Comparison of nonlinear systems theory, post-processual archaeology, and feminist theory has revealed a number of synergies and areas of potential synthesis among these paradigms. A number of nonlinear patterns and processes have been shown to be relevant archaeologically, either directly or indirectly as analogs for archaeological processes. Further, it has been argued that many processes previously identified in archaeology are nonlinear processes. It has been briefly argued that culture meets the criteria of a nonlinear system, including the potential for chaos.
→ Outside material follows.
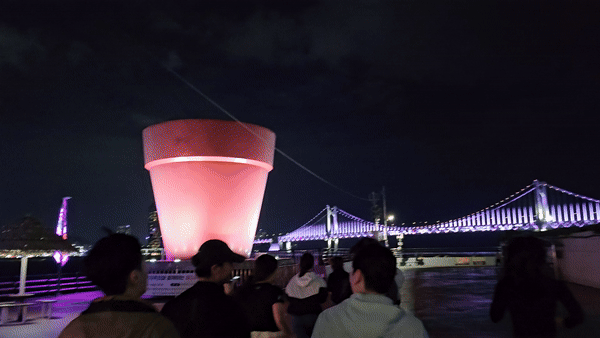 광안대교를 정면으로 보면서 달릴 수 있는 구간인데 영상으로 찍어보니까 그럴싸하지 않니? 조경건 부산닷컴 기자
If culture and cultural processes are nonlinear, then archaeological theory and method needs to be expanded with nonlinear systems theory and methods in order to be able to analyze nonlinear processes. Comparison of nonlinear systems theory, feminist theory, and post-processual archaeology has shown major areas of congruence and synergy that suggest areas of potential synthesis among these theories. Differences among these theories have led to suggestions for potential expansions of these paradigms.

Acknowledgments

The author would like to thank Peter Allen, David Landy, Erik Mosekilde, Gottfried Mayer-Kress, Mike Schiffer, Peter Senge, and John Sterman for encouraging her to pursue her research on the implications of nonlinear systems theory for archaeological theory and method. This paper has also benefited from comments by Chris Beekman and Steve Lansing. Of course any errors are the author’s responsibility.